● **Problem**
Write out, exactly as they stand, the line containing "Aida ruffled pink" and all subsequent lines up to and including the final line of the records.

==== Data excerpts

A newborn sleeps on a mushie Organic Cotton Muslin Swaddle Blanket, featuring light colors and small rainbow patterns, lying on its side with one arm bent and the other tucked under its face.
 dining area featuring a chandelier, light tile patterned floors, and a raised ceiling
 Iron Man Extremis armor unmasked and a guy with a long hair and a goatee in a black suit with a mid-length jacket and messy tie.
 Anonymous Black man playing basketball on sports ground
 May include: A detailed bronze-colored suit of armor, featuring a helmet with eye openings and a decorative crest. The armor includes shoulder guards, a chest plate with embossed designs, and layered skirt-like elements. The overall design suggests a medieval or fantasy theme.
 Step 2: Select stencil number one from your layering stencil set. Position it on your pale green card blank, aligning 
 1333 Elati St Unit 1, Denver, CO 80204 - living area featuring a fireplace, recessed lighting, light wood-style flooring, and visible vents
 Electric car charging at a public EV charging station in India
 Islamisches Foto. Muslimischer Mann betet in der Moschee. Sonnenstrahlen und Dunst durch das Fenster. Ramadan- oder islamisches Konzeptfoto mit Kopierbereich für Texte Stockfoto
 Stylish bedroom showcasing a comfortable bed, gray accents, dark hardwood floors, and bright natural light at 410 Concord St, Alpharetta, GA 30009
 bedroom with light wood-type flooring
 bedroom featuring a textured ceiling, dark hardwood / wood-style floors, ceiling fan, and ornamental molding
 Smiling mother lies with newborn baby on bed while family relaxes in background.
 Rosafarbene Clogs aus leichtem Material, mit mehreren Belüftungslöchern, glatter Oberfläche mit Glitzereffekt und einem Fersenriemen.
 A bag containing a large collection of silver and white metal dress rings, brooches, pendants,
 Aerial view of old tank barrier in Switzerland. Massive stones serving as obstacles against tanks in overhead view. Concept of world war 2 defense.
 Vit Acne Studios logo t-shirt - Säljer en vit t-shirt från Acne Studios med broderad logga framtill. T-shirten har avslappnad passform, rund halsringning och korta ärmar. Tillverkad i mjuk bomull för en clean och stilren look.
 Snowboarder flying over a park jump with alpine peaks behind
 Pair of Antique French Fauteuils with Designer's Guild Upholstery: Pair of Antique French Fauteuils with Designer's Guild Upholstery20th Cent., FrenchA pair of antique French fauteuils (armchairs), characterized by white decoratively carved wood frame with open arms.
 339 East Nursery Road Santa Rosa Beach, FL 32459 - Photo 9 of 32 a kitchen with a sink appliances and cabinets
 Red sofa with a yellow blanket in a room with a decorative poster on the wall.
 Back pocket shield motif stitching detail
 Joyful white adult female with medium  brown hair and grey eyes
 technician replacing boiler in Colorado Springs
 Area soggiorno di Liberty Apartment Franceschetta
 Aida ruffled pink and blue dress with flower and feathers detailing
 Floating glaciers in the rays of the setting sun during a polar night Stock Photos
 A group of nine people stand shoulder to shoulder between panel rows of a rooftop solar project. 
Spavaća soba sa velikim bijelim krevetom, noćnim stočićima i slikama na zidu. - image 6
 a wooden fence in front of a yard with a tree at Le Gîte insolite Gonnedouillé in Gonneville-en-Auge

========

● **Solution for this task**
 Aida ruffled pink and blue dress with flower and feathers detailing
 Floating glaciers in the rays of the setting sun during a polar night Stock Photos
 A group of nine people stand shoulder to shoulder between panel rows of a rooftop solar project. 
Spavaća soba sa velikim bijelim krevetom, noćnim stočićima i slikama na zidu. - image 6
 a wooden fence in front of a yard with a tree at Le Gîte insolite Gonnedouillé in Gonneville-en-Auge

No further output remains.